OP isn’t interested in regular families and their ordinary dinner parties. Also apparently not interested in the wealthy crowd dinner parties that are likely still taking place in the humongous luxury homes scattered all over DMV with huge private yards and pools. The latter crowd outsources catering and cleaning and invites a lot of people, because it’s not a hardship for them to host. But OP is looking for the influential intelligentsia gatherings in urban parts close to the pulse of political decisions.
Anonymous
My take on this as part of a DC millennial couple with a very small child and “local” non-MAGA-work is that professionals are raising small kids later in life and have fewer resources than past generations. We work all the time and unfortunately are not able to put in the time and resource intensive work of building these neighborhoods and social networks. Women at home played a huge and likely undervalued role in creating these social occasions and now we are all at work like men. I think it’s good. Women should be out in the world and working. We are needed there. But there’s no one doing the free but actually costly work of fluffing a dinner party and maintaining social networks. We are late thirties/early forties with babies and 80 work weeks and $30k early Childhood tuition bills.
Anonymous
If a couple (or 2 or 3) have to spend $80 each for a babysitter to come to my house for dinner, I feel like it has to be ambitious. And then it’s too much. But with little kids dinner parties make no sense.
Anonymous
Georgetown was where the poors lived. Until Kennedy.
Anonymous
This is still very much alive and well in Georgetown. I know of two groups that host gatherings in the East Village on N street and another on R street near the library. I’ve attended two brunch gatherings as a guest of a friend, but it’s a pretty closed loop. From what I experienced: very fun group, respectfully bipartisan with a lean to the left, bright, successful, and very unassuming. Variety of ages, youngest was mid 30s, oldest early 60s. Mozza and Apero are both popular in that set, but they seem to socialize more at each other’s homes.
Anonymous
Anonymous wrote:This is still very much alive and well in Georgetown. I know of two groups that host gatherings in the East Village on N street and another on R street near the library. I’ve attended two brunch gatherings as a guest of a friend, but it’s a pretty closed loop. From what I experienced: very fun group, respectfully bipartisan with a lean to the left, bright, successful, and very unassuming. Variety of ages, youngest was mid 30s, oldest early 60s. Mozza and Apero are both popular in that set, but they seem to socialize more at each other’s homes.

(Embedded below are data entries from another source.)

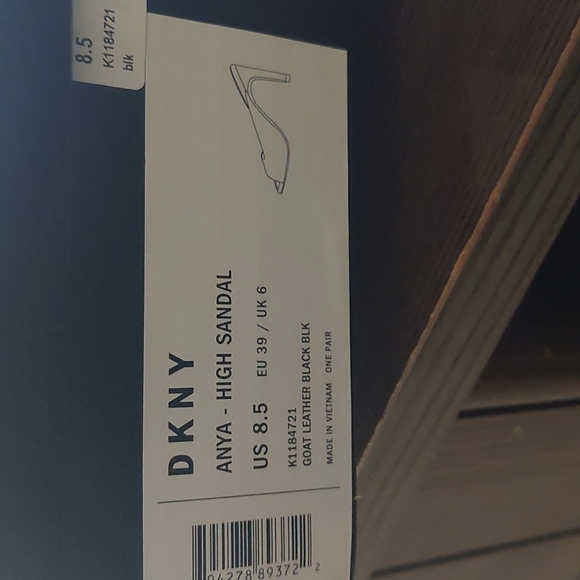 Shoes - Picture 3 of 3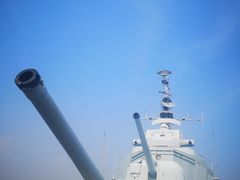 -中国人民解放军海军博物馆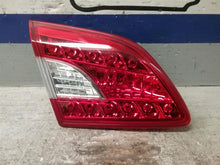 Load image into Gallery viewer, TRUNK LID MOUNTED TAIL LIGHT LAMP Nissan Sentra 13 14 15 Left - CTL250356
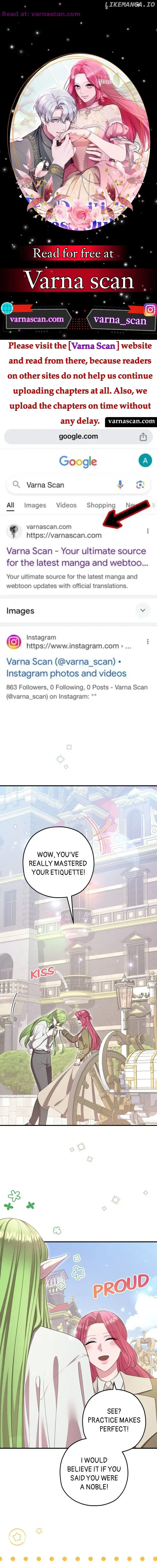 The Devilishly Trash Duke Chapter 44 62 01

The last sentence is what lets me know this poster isn’t actually amongst these people. Mozza is a fairly new tourist trap in Georgetown and Apero is just bad. Nice try.
Anonymous
The Georgetown set from the dinner party heydays of Katherine Graham is over. The unique combination of politics, money, and intellectualism is really hard to find today. Georgetown is too pricey for most intelligentsia - writers, academics, journalists - and there is no one at home full time to prepare dinners. Dc in general has become really expensive. Raising children has become far, far more involved. Remember back then travel sports did not exist. When you read those memoirs it's as if children were barely a blip on the radar until they became of age to participate in the family business.
I think that the closet you'll come are some social circles based on school and neighborhoods that happen to have a person or two who is willing to work as a connector, but those people are rare.
Anonymous
Public Undergraduate with GU grad degree. It’s all about networking with this crowd. Connections are great but they’re not everything. Based on my experience, connections are all this crowd has.